2. Count 3: Breach of Contract
Plaintiffs also assert a breach of contract claim against BOA based on the bank's failure to perform the loan modification after informing Plaintiffs that they were approved. Plaintiffs allege that "in consideration" for their performance of each of the lender's requests, BOA offered to modify their loan, which Plaintiffs assert they immediately accepted. See Compl. ¶¶83-84. Thus, Plaintiffs contend that they had an enforceable contract, which BOA breached by placing Plaintiffs' loan back in default status. Id. at ¶85. BOA argues that any alleged contract is invalid because the modification "agreement" lacked consideration. BOA Br. at 8.

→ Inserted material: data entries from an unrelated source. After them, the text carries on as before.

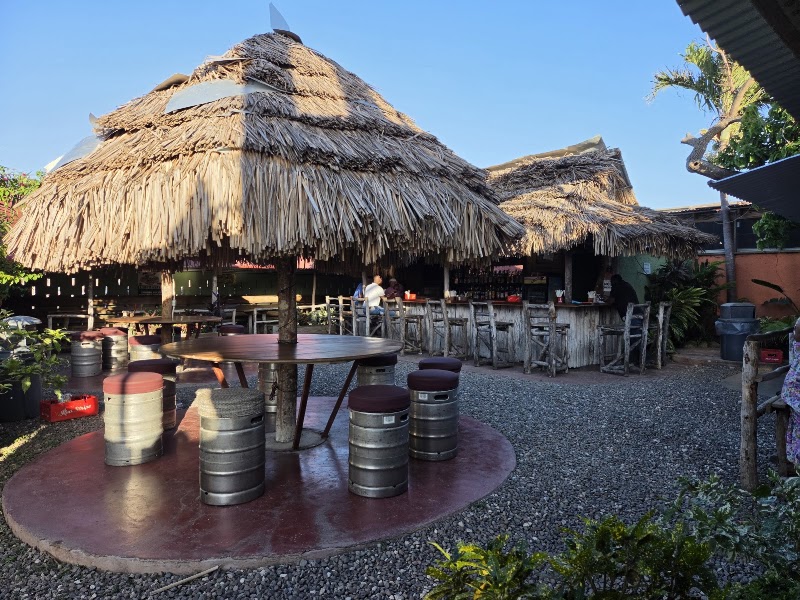 Scotchies – Northern Coastal Highway, Montego Bay, Jamaïque (photo 3)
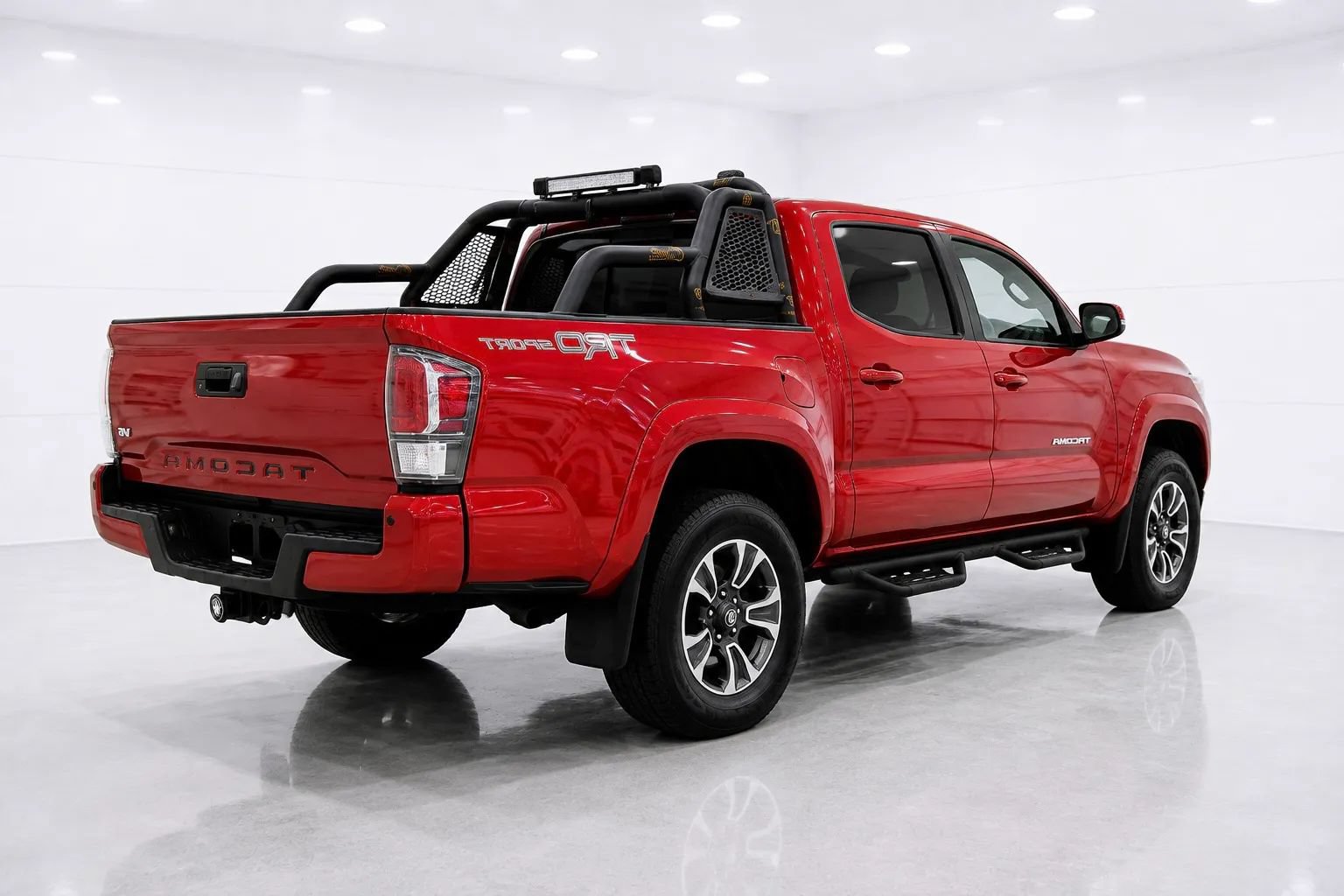Used 2022 Toyota Tacoma TRD Sport w/ TRD Premium Sport Package RWD image 5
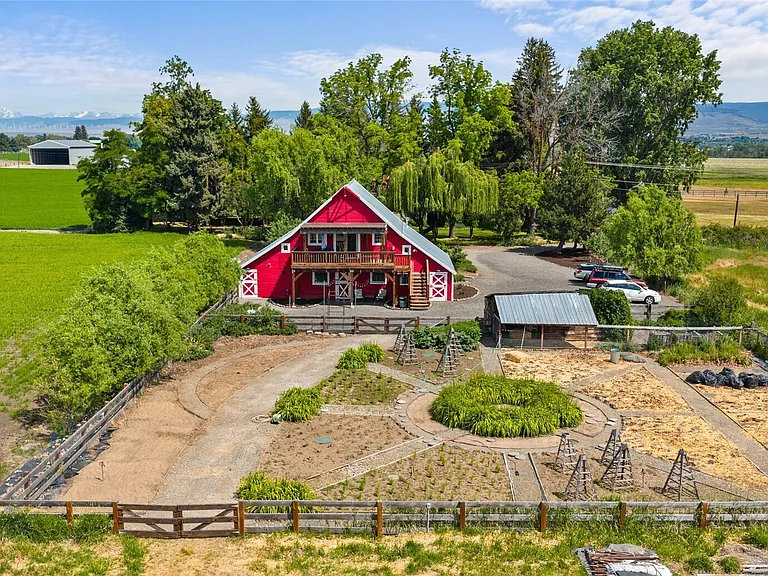 Renovated Barn Home on 3.75 Acres Near Ellensburg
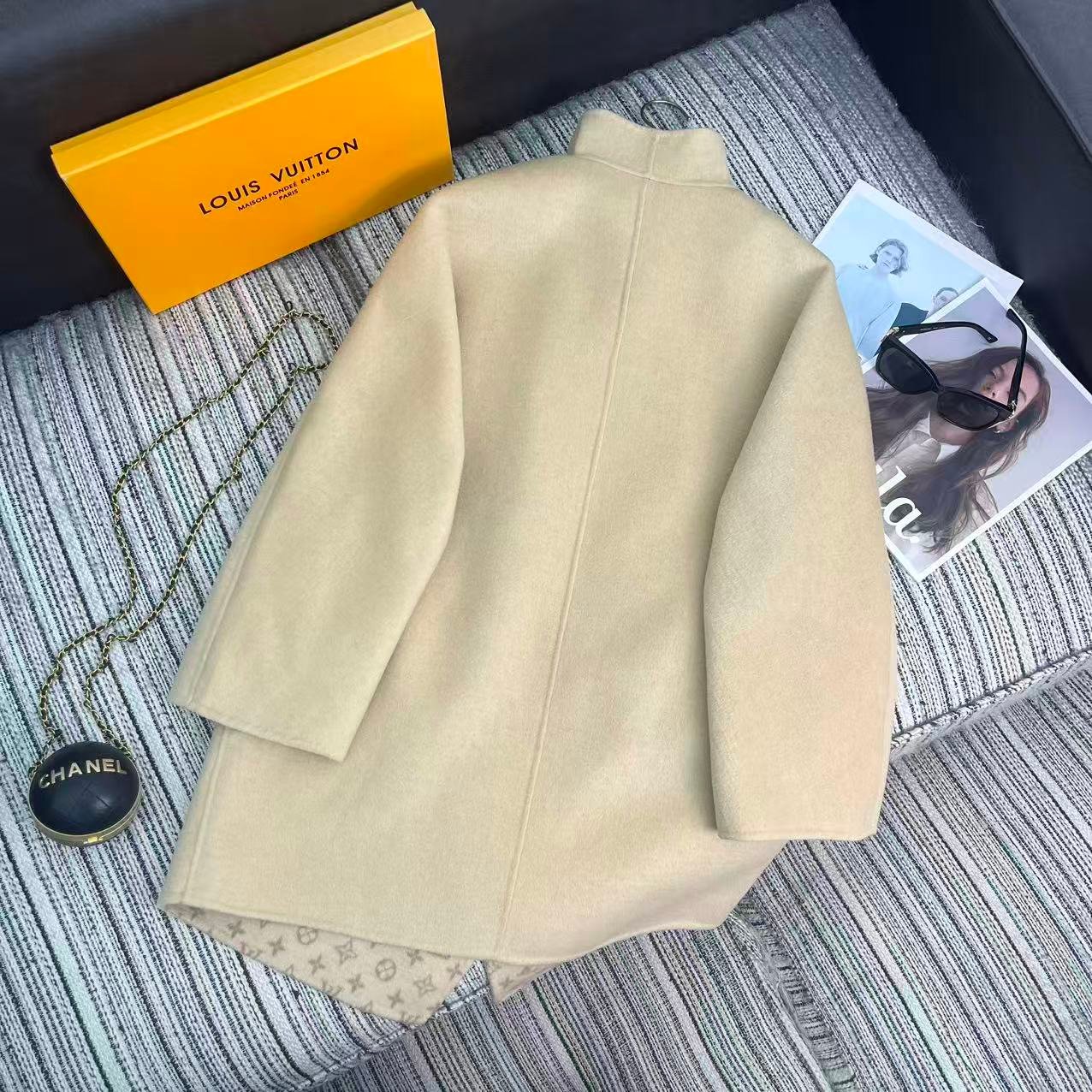 Manteau long Louis Vuitton avec finitions monogram aux manches – Image 18
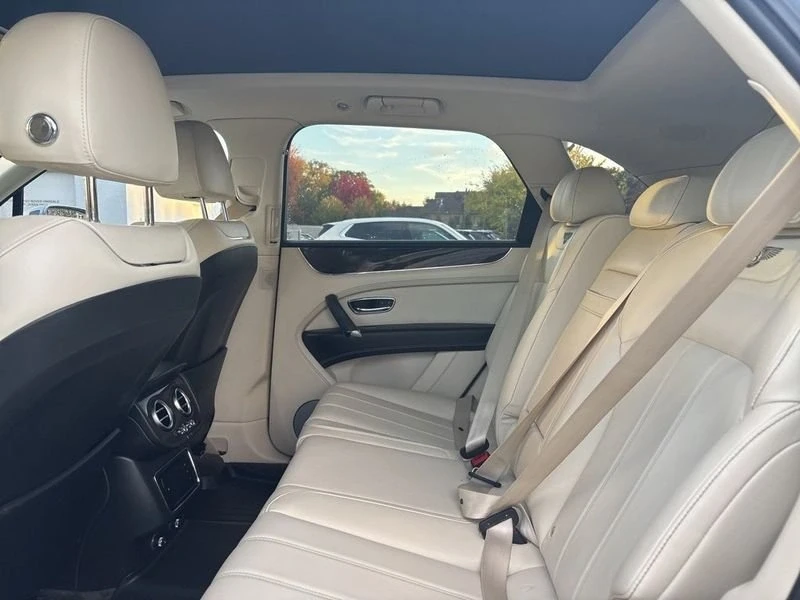 2019 Bentley Bentayga - Image 4 of 7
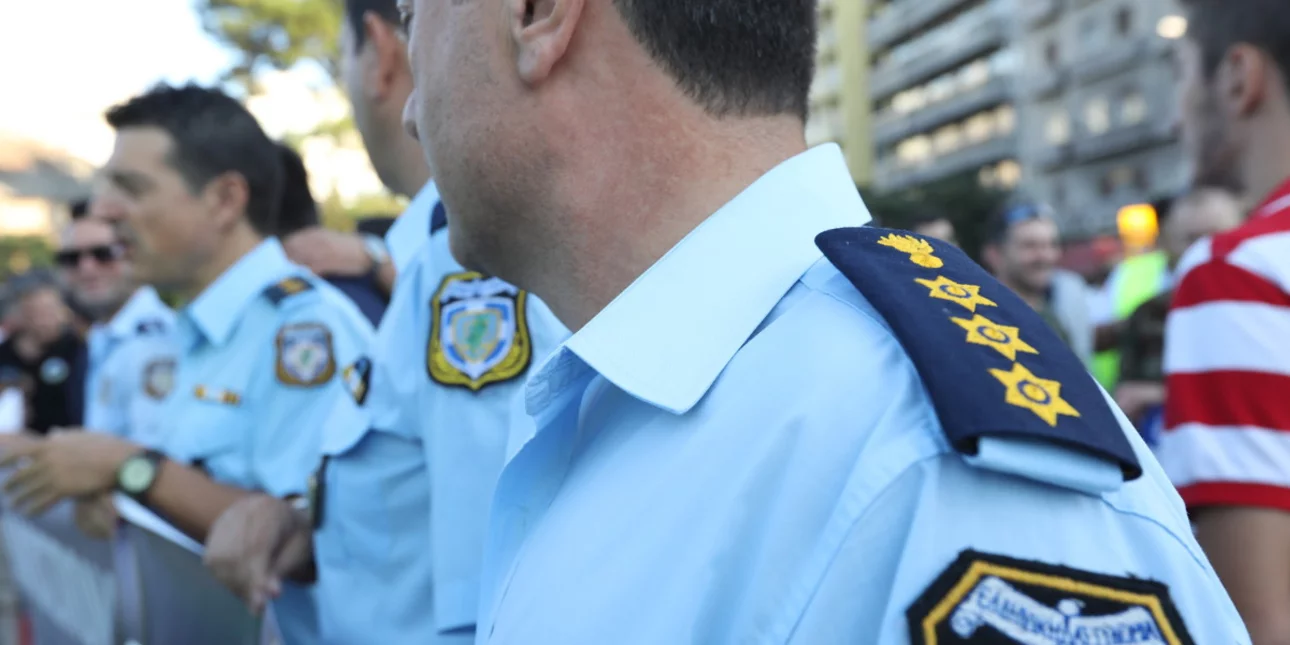 Η κυβέρνηση, μετά τους στρατιωτικούς, σχεδιάζει αυξήσεις σε όλους τους ένστολους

The law is well-settled that even where there has been offer and acceptance, a contract is unenforceable "without the flow of consideration-both sides must `get something' out of the exchange." Continental Bank of Pennsylvania v. Barclay Riding Academy, Inc., 459 A.2d 1163, (N.J. 1983), 1171, cert. denied, 464 U.S. 994 (1983). This premise applies equally to agreements to modify existing contracts as to new contracts. Oscar v. Simeonidis, 800 A.2d 271, 276 (N.J. Super. Ct. App. Div. 2002) (citing County of Morris v. Fauver, 707 A.2d 958, 100 (1998)). Although a contract requires consideration, "the value given or received as consideration need not be monetary or substantial." Id. at 276. Thus, even a "very slight advantage to one party, or a trifling inconvenience to the other, is a sufficient consideration to support a contract." Id. quoting Joseph Lande & Son v. Wellsco Realty, 34 A.2d 418, 423 (N.J. 1943).
Plaintiffs' allegations surely meet this low threshold. Plaintiffs allege that for almost two years, they remained in purgatory, uncertain of the status of their loan modification. Plaintiffs contacted BOA numerous times, only to be instructed to submit further documentation and additional hardship letters. After a convoluted back and forth, Plaintiffs were offered a modification over the telephone, which Plaintiffs allege that they immediately accepted. In their opposition brief, Plaintiffs argue that modifying the loan provided a benefit to BOA by allowing the bank to avoid the drawn-out and costly process of foreclosure. Pl.'s Opp'n at 6. Given these allegations and arguments, Plaintiffs have adequately alleged consideration.2 In their reply brief, BOA attempts to frame the dispositive inquiry as whether Plaintiffs were entitled to modification by virtue of submitting an application and then answers this question in the negative. BOA Reply at 9. However, this question is immaterial to whether the modification agreement, allegedly brought about by BOA's own actions and not merely Plaintiffs' submission of the modification application, was supported by consideration. BOA also urges the Court to ignore Plaintiffs' "self-serving statement that `foreclosure is not favorable to the lender'" because not foreclosing following a borrower default "is clearly a detriment to a secured creditor." Id. at 10. The "self-serving" nature of Plaintiffs' consideration argument is not dispositive of whether BOA received a "very slight advantage" or whether Plaintiffs incurred "a trifling inconvenience." Plaintiffs have pled that BOA's alleged offer was supported by consideration. As this is the only element of the breach of contract claim challenged by BOA, the Court will deny the motion to dismiss this claim.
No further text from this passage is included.